Help keep dogs cancer free
By Dr.¬†Rebekah Frost¬†- OBSERVER Columnist
October is Breast Cancer Awareness Month. We all know someone around us who has been affected in one way or another by this horrible disease. Did you know that animals can be affected as well? Breast cancer and ovarian cancer are commonly diagnosed in our feline and canine patients.
Katy was a beautiful Dalmatian that was with our family for 10 years. My parents had bred her twice and she had given us two beautiful litters of puppies. She was a very loyal and devoted family dog, however my parents had never chosen to have her spayed. As she grew older, she started to develop a large mass around her mammary gland.
Our veterinarian at the time assured my parents that we did not have to worry about the mass. I still wonder to this day why this advice was given. It was only a short period of time after this diagnosis that Katy started to have breathing issues. We woke up one day to her struggling to even catch a breath. We took her to another veterinarian who diagnosed Katy with breast cancer that had spread to her lungs. Her lungs were full of fluid and it was too late to do anything. I will never forget our family all huddled around Katy as we said goodbye. And as a veterinarian I will never forget the lack of concern the first veterinarian had shown and I vow to be a much better advocate for my pets and all my clients’ pets health.
Baby, an 8-year-old Dachshund came to our clinic to be euthanized. She had a very large ulcerated mammary mass that dragged on the ground behind her. She was not spayed and upon closer examination, had smaller mammary tumors in every mammary gland. Baby looked up at me with these big brown eyes, wagged her tail at me, and I just couldn’t do it. Baby underwent a very extensive surgery to remove all the mammary tumors and was spayed at the same time. She was screened thoroughly for any spread of the cancer and fortunately she was clear of any metastasis. She has recently come back into our clinic and is currently up for adoption. Please contact the Lakeshore Humane Society if you may be interested in adopting Baby!
Did you ever wonder why your veterinarian recommends spaying and neutering your pets? Number one answer: cancer. Breast cancer can occur very commonly in unspayed pets. Spaying your pet before their first or second heat cycle reduces your pet’s chance of getting breast cancer by 90 percent.
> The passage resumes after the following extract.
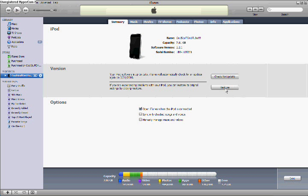And maybe the latest software, I'm not sure. Okay, check for update or restore. You want to click restore, and that will delete all your apps, all your music, your passcode, everything.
Breast cancer in dogs and cats can be aggressive and fatal especially if not caught in time. Recently at our clinic we have seen a number of rescue pets that are turned over to the humane society with large mammary gland tumors from not being spayed. The expense associated with removing these tumors and spaying these pets can be very high. The surgery is also very involved and can cause significant scarring and prolonged healing times.
This is why we recommend spaying them at a young age before there is any chance to develop these tumors. Once breast cancer develops, it can very quickly spread to the lymph nodes and lungs. It is never too late to spay and neuter your pets.
Spaying not only reduces the risk of breast cancer and ovarian cancer, but it also reduces the risk of life threatening uterine infections and unwanted pregnancies.
Leaving your pet unneutered also has its risks. Unneutered dogs and cats are more prone to testicular cancer, rectal masses, enlarged prostate glands, and behavioral problems. The majority of dogs that run away and are hit by cars are unneutered male dogs. If you are not going to breed your pets, be an advocate for your pet’s health and have them spayed and neutered!